We now understand that pain is both highly subjective because of its ties to personal history and our emotions, we understand that the intrinsic biology of pain is as unique as a person’s fingerprints. The understanding that pain is indeed be in our heads, our brains to be precise, creates an opportunity for discussion and enlightenment to acknowledge how unique our pain is and how we can individualize therapy to patients.
The brain is akin to a computer
Just as computers process information, we know that our brain is the nerve center that informs the body that it is in pain, how severe that pain is and how we should respond to the pain. Using computers as a metaphor, we input data on a keyboard that is transmitted to a central processing unit when the computing occurs.

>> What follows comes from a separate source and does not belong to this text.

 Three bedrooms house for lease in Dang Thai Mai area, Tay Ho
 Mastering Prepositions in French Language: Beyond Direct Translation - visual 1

Likewise in our body, we receive an input from a sensory nerve and then another nerve brings the sensation along the spinal cord to the areas of the brain that registers the sensation telling us, “Ow! That hurts!” These pathways create a memory to remind us not to perform that act again because it caused an unpleasant sensory event. We now know that the brain has the ability to create new neural pathways for unpleasant and maladaptive events. In essence, we can train our brains! The ability to retrain out brain can be used to treat conditions related to pain as well, thinks like depression, anxiety, PTSD and even sleep disorders.
Retraining the brain
The ability to retrain the brain has created, for the first time, a new tool in the arsenal of pain relief – one that truly is efficacious, non-pharmacologic, low-risk and is long-lasting. The use of behavioral health guided virtual reality technology has created a platform that is achieves these goals. In a virtual reality experience, the brain is fully engaged in an immersive reality that is pleasant, exciting, and interesting.
The ability to immerse and redirect our cognitive direction leads to an almost immediate decrease in the sensation of pain and other untoward symptoms. Just as a teenager forgets about their hunger or fatigue while playing video games, patients begin to forget about their depression, their anxiety, or their pain as they experience a guided virtual environment. As the brain begins to experience these events with chronicity it then begins to form new neural pathways around maladaptive signs that are less distressing and more normative as the brain pursues homeostasis.
The outcomes are real
People using this approach report a 70 percent improvement in pain relief. Many are able to stop taking potentially addictive pain medications, or to significantly cut down on their medication dose. Freed from the side effects of these drugs, they are able to be present, and to engage in life again.
So perhaps the fact that pain is in our head is truly a good thing? Instead of taking pills to dull the pain, injections to numb the pain or surgery to remove the pain we can focus on the process of pain itself and allow the brain to redirect and course correct…with a little virtual guidance, of course!